The-Help-movie-posterHOWARD: It’s fun to play a bitch. There’s a lot of freedom when you’re playing a character like that. You don’t need to worry about being likeable or appealing, or anything like that. I really, really, really enjoyed playing this character, and there were some tough things about her as well. It’s not like you’re playing some fantasy bad girl. She’s a genuinely evil person. It was like nothing that I had ever had the chance to do before. I’ve played a vampire (in The Twilight Saga: Eclipse), but that’s more of a mythological character.
This was the first real person that I’ve played that’s despicable. She’s a real person and there’s a psychology behind her behavior. It’s not like she’s a sociopath or anything, which I felt was scarier. She had justified her actions and she felt like she was right, but she was a really cruel individual. Of course, she was racist, but she didn’t perceive herself as being that way. Above all, what she was, was ignorant. She actually thought what she was doing was right for her children, for her future, for her way of life. She was protecting something. When that dawned on me, that was really scary. She actually thought she was right, and women like that actually believe that what they’re doing is good.
How do you make that real, in today’s context?
HOWARD: For me, because the hardest thing for me to get behind was understanding how she could possibly think this way, I created actual stories of moments in her life that became the moments that she decided, “Oh, this is the way it needs to be.” For instance, she has a cold sore, at one point, so I just created this circumstance where she kept getting cold sores and she went to a doctor and said, “Why am I getting these cold sores?,” and the doctor handed her a pamphlet and said, “Have you ever used a bathroom that was maybe used by a black person?” And, she read the pamphlet about the importance of separate bathrooms, which is where she learned that from.
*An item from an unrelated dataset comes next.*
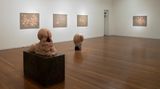 Contemporary art exhibition, Patricia Piccinini, I have spread my dreams under your feet at Roslyn Oxley9 Gallery, Sydney, Australia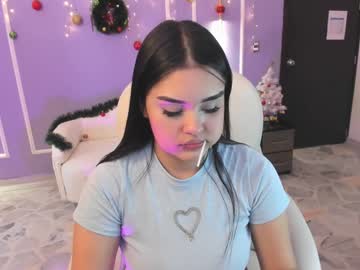 Martina_Saenz1 December 18, 2024 Chaturbate stream image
I created this backstory where she learned that from a doctor. Those pamphlets were handed out and people were told that kind of information. That doesn’t make her an innocent, at all, whatsoever, but for myself, I had to create those moments in her history that amounted to a person that believed that what she was doing was right.
What was it like to work with Sissy Spacek and Viola Davis?
HOWARD: This is such an obvious thing to say, but it’s an honor. It really is. The thing that’s tough for me is to get over the fact that I’m working with them because you spend a significant period of time being in awe of them. I felt the same way about Allison Janney. These are powerhouse women, and have such tremendous talent and such integrity as individuals. I felt really, really lucky to work with them. You don’t want to mess up when you’re in a scene with them, at all.